Hamilton flashes an ability to read the quarterback’s eyes and react before plays develop. His basketball background shows when the ball is in the air. Hamilton swarms to the football and uses his length and athleticism to break up the play or come down with an interception.
Beyond Hamilton, no player has forced more than two turnovers in the three observed practices. Had offensive lineman Josh Lugg not fallen on Smith’s fumble, Hamilton would have six forced turnovers.
Bracy made the most of his first-team reps with a few highlight plays. Most notably, the sophomore intercepted an ill-advised throw from starting quarterback Ian Book intended for wide receiver Joe Wilkins Jr. on the wide side of the field.
The 5-10, 170-pounder also made an impressive open field tackle on Wilkins. In 1-on-1 action, Bracy was one of few defenders to win one or more of his matchups. By using his hands in a legal manner, Bracy prevented receiver Braden Lenzy from putting himself in position to haul in a deep pass.
Bracy also recorded a tackle for a loss on a play in which he blitzed off the edge. The Irish coaching staff grew frustrated with Bracy at times, but he still might have had his best observed practice all offseason.
Troy Pride Jr. had his best practice this week and logged a couple pass breakups. He first batted down a pass intended for top receiver Chase Claypool on an out route in 1-on-1 action. He disrupted another potential Claypool reception on a slant. Claypool tends to overpower his opposition, but Pride held his own. To do that in 1-on-1 work is no small feat.
Elliott was the lone safety to register an interception on Saturday. Starting tight end Brock Wright mishandled a pass from Book in the flat. Elliott swooped in and caught Wright’s tip. Crawford found himself in position for a pick but dropped the deep throw near the sideline.

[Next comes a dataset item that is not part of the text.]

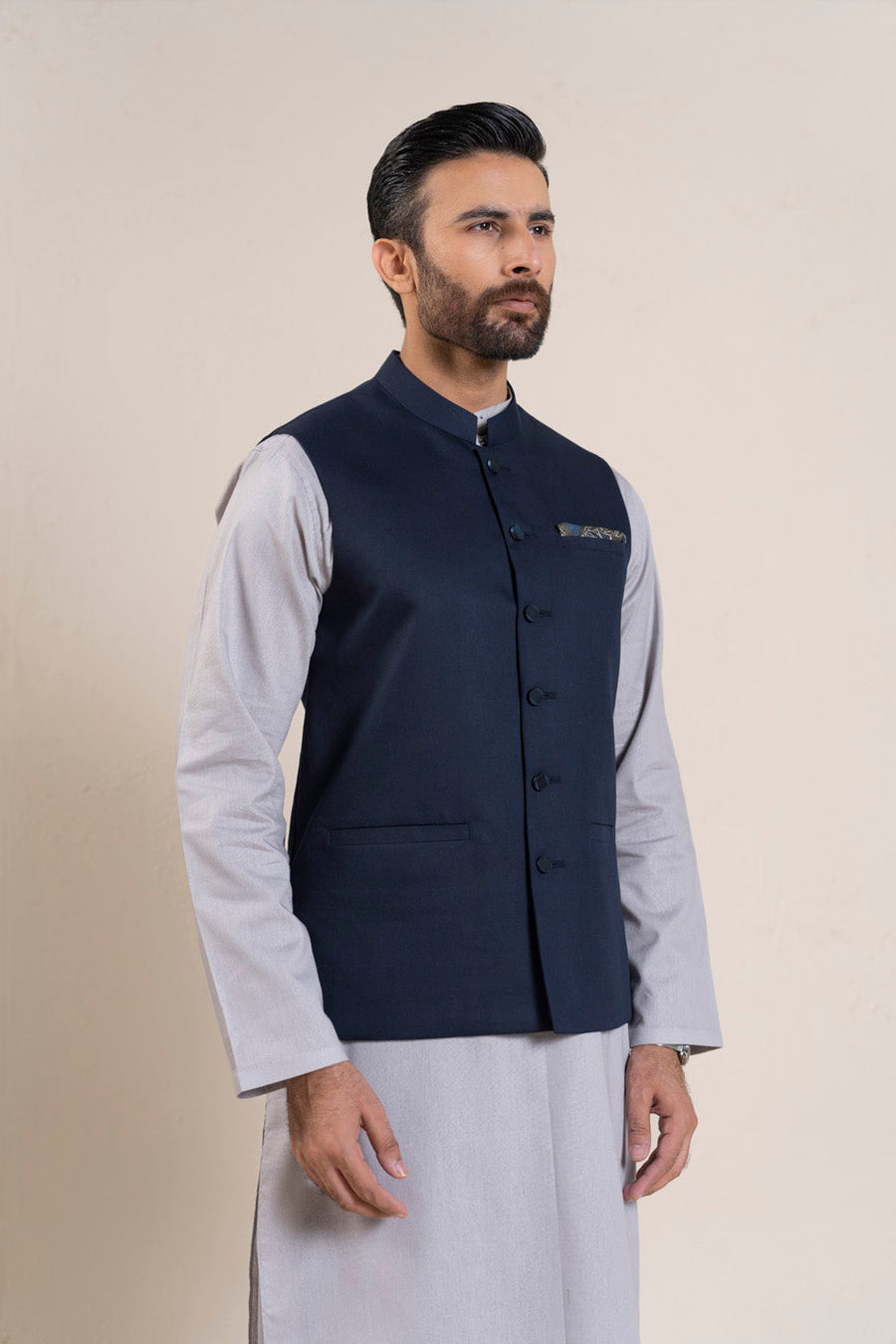 Midnight Navy Wool 2-Piece Waistcoat Set | Band Collar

Cornerback Isaiah Rutherford intercepted fellow freshman Brendon Clark near the end of practice. Rutherford has not seen much action. Freshman corner K.J. Wallace saw more time and was involved in a couple altercations, including one with Claypool. At 5-10, 191 pounds, Wallace carries himself like a feisty bulldog. Freshmen Isaiah Foskey (defensive end) and Jack Kiser (rover) stood out again during action against reserves.
No linebacker made more plays than Owusu-Koramoah this week, though Moala registered a sack on Saturday. Book targeted Finke across the middle of the end zone, but Owusu-Koramoah read the play and undercut the pass for an interception. Owusu-Koramoah made a similar play in Sunday’s practice. He picked off Book’s screen pass to Finke.
The Irish defensive line stonewalled the offense in the early going of 11-on-11. Kareem recorded a tackle for loss on a run from Tony Jones Jr. Moving past right guard Tommy Kraemer, Tagovailoa-Amosa provided a notable pressure on a goal line play.
The second-team defensive line overpowered the backup offensive line once again. Jayson Ademilola and Lacey disrupted a couple plays, with the former notably stuffing a shovel pass to receiver Chris Finke.